The compressor section of the turbo-jet engine has many functions. Its primary purpose is to supply air in sufficient quantity to satisfy the requirements of the combustion process. Specifically to fulfil its purpose, the compressor must increase the pressure of the mass of air received from the air inlet duct and then to discharge it to the burners in the combustion chambers, in the mass and pressures required.
Compressors may be identified by the direction of the airflow through them. The two basic types have a centrifugal flow or an axial flow. Some engines may use both types on one compressor assembly.
CENTRIFUGAL COMPRESSORS
These compressors receive the air at their centre and accelerate it outwards by centrifugal force. The air is then expelled into a divergent duct, called a diffuser, where velocity is exchanged for energy.

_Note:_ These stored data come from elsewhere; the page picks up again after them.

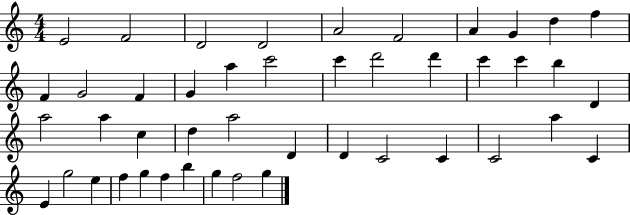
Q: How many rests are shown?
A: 0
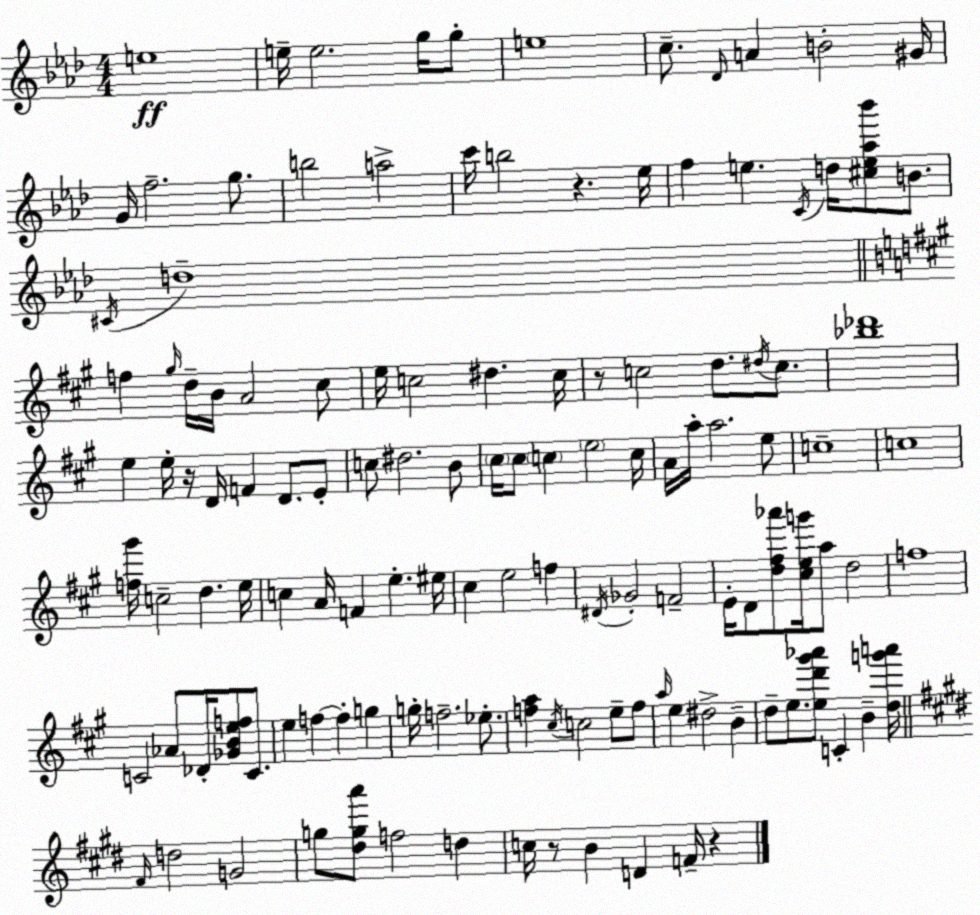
X:1
T:Untitled
M:4/4
L:1/4
K:Ab
e4 e/4 e2 g/4 g/2 e4 c/2 _D/4 A B2 ^G/4 G/4 f2 g/2 b2 a2 c'/4 b2 z _e/4 f e C/4 d/4 [^ce_a_b']/2 B/2 ^C/4 d4 f ^g/4 d/4 B/4 A2 ^c/2 e/4 c2 ^d c/4 z/2 c2 d/2 ^d/4 c/2 [_b_d']4 e e/4 z/4 D/4 F D/2 E/2 c/2 ^d2 B/2 ^c/4 ^c/2 c e2 c/4 A/4 a/4 a2 e/2 c4 c4 [f^g']/4 c2 d e/4 c A/4 F e ^e/4 ^c e2 f ^D/4 _G2 F2 E/4 D/2 [d^f_a']/2 [^ceg']/4 a/2 d2 f4 C2 _A/2 _D/4 [_GBef]/2 C/2 e f f g g/4 f2 _e/2 [fa] ^c/4 c2 e/2 f/2 a/4 e ^d2 B d/2 e/2 [ed'^g'_a']/2 C B [dg'a']/4 ^F/4 d2 G2 g/2 [^dga']/2 f2 d c/4 z/2 B D F/4 z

A complete centrifugal compressor assembly consists of an impeller rotor, a diffuser and a manifold. The impeller can be single or double sided and can be installed in either one or two-stage assemblies. Whilst this type of compressor can generate a high mass-flow from a small diameter engine, it cannot take advantage of ram effect due to the tortuous route that the airflow has to follow through the
compressor.
Whilst compression ratios in the vicinity of 5:1 were the norm on earlier designs, it is now possible to produce centrifugal compressors with compression ratios of 15:1, which are quite competitive with axial compressors. It is very rare to find more than two stages of compression, due to the huge losses caused by the continued re-direction of the airflow through the stages, the added weight of the impellers and the power required from the turbine to drive the compression stages.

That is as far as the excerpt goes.